College Enrollment Expected To Slip Over Next Decade

This piece comes to us courtesy of Stateline. Stateline is a nonpartisan, nonprofit news service of the Pew Center on the States that provides daily reporting and analysis on trends in state policy.

With the oldest population in the country, leaders at the University of Maine system have been aware for the last several years that they would need to make changes to keep their classrooms full.

They’ve focused on boosting enrollment in distance education, increasing transfers and coaxing adults who haven’t completed their degree to return to campus.

That’s required campuses to change how they do business, providing more advising support for returning adults and working more actively to recruit transfer students and streamline their enrollment.

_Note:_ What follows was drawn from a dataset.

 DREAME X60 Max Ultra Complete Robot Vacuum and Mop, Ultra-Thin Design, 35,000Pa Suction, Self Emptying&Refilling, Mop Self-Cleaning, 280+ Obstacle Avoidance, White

The early results have been promising. Enrollment was up for both those targeted students and traditional students this fall. But officials know their work is far from over.

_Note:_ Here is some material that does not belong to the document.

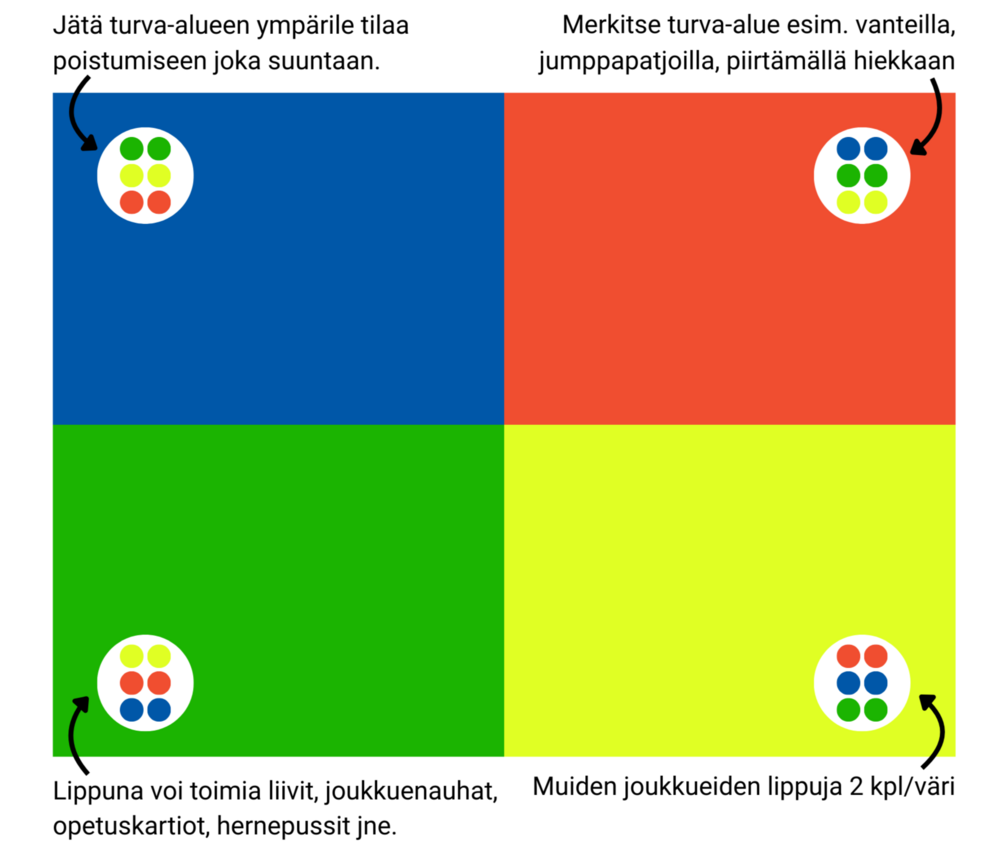 Havainnekuva neljän joukkueen lipunryöstön pelikentästä, jossa on neljä eri väristä ruutua (punainen, sininen, vihreä ja keltainen) joukkueiden pelialueina. Kuvassa näkyvät turva-alueet, joissa on joukkueiden liput (2 kpl/väri). Tekstit kuvassa: 'Jätä turva-alueen ympärille tilaa poistumiseen joka suuntaan.' 'Merkitse turva-alue esim. vanteilla, jumppapatjoilla, piirtämällä hiekkaan.' 'Lippuna voi toimia liivit, joukkuenauhat, opetuskartiot, hernepussit jne.' 'Muiden joukkueiden lippuja 2 pl/väri.'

“This enrollment shift is not expected to get much better for a long time,” said Rosa Redonnett, the chief student affairs officer for the system.

Maine isn’t alone. The majority of states are expected to see some decline in the number of high school graduates during the next decade and those declines, coupled with an increasingly price-conscious student body, is already forcing some colleges to discount their tuition, according to two reports released last week.

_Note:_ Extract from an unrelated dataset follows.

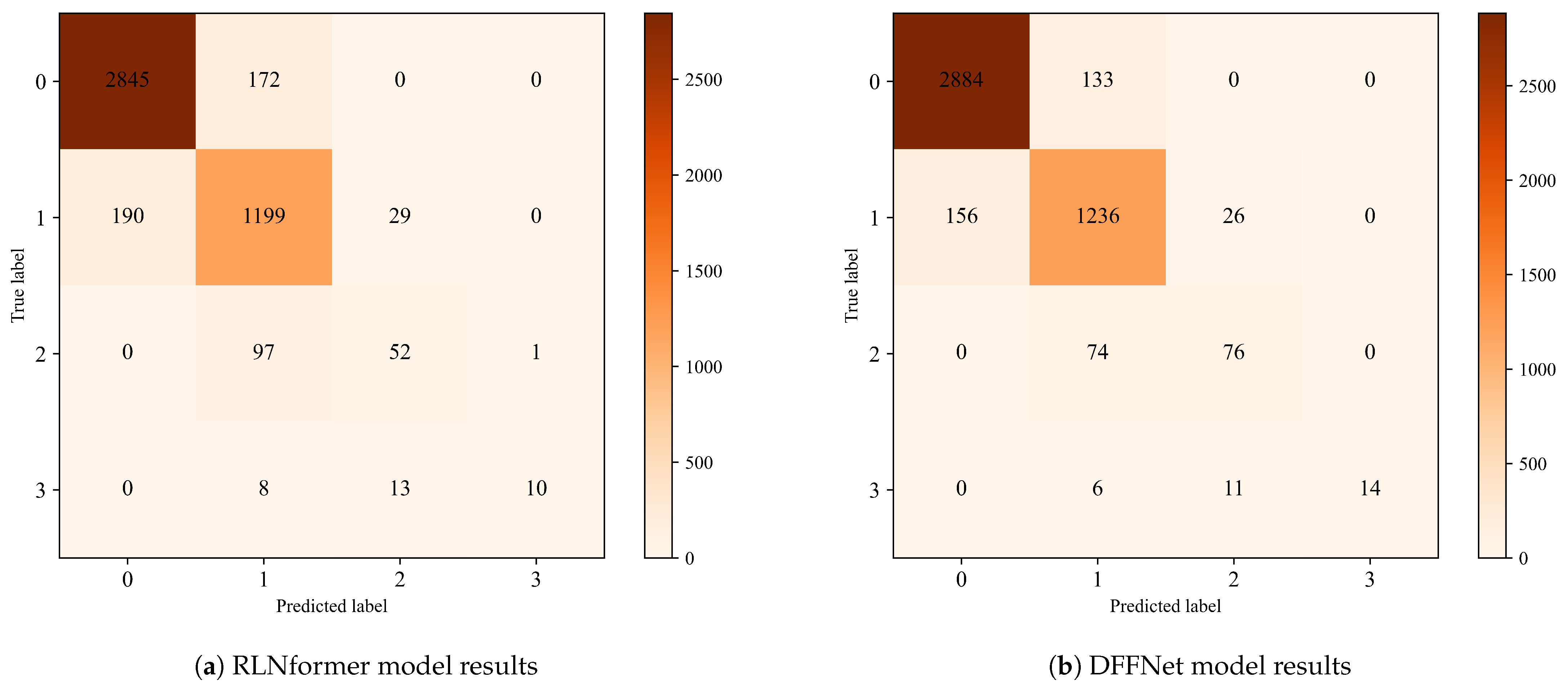 Electronics 13 02826 g009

The Midwest and Northeast are expected to be hit hardest by declining enrollment during the next decade, with the biggest projected declines anticipated in Michigan, Vermont, Maine, New Hampshire and Rhode Island, according to a report by the Western Interstate Commission for Higher Education. That would come after more than 20 years of steady growth in college enrollment across the country.

Colleges can also expect more diverse applicants over time, as the percentage of non-white high school graduates is expected to reach 45 percent by 2020, a 20 percent increase from 2009 levels, according to the report.

“This is a big difference from what colleges and universities have come to expect,” said Brian Prescott, director of policy research at the commission and co-author of the report, speaking last week in Washington D.C.

As enrollments soared over the past 20 years, state support for higher education didn’t keep pace. In fiscal year 2011, per-pupil funding for public universities was $6,290, its lowest level in more than 25 years, according to the State Higher Education Executive Officers. In that same time period, the average tuition at public universities has roughly tripled, according to the College Board.

But that tuition growth is slowing or even reversing at more colleges as the shrinking pool of high school graduates and increased national concerns about college affordability are giving colleges less pricing power, according to another report released last week by Moody’s. About a third of public colleges anticipate that their tuition revenue will either fail to keep up with inflation next year or decline.

With fewer students to choose from, colleges may be forced to become less picky and work harder to keep students on-track after they have enrolled, the reports conclude.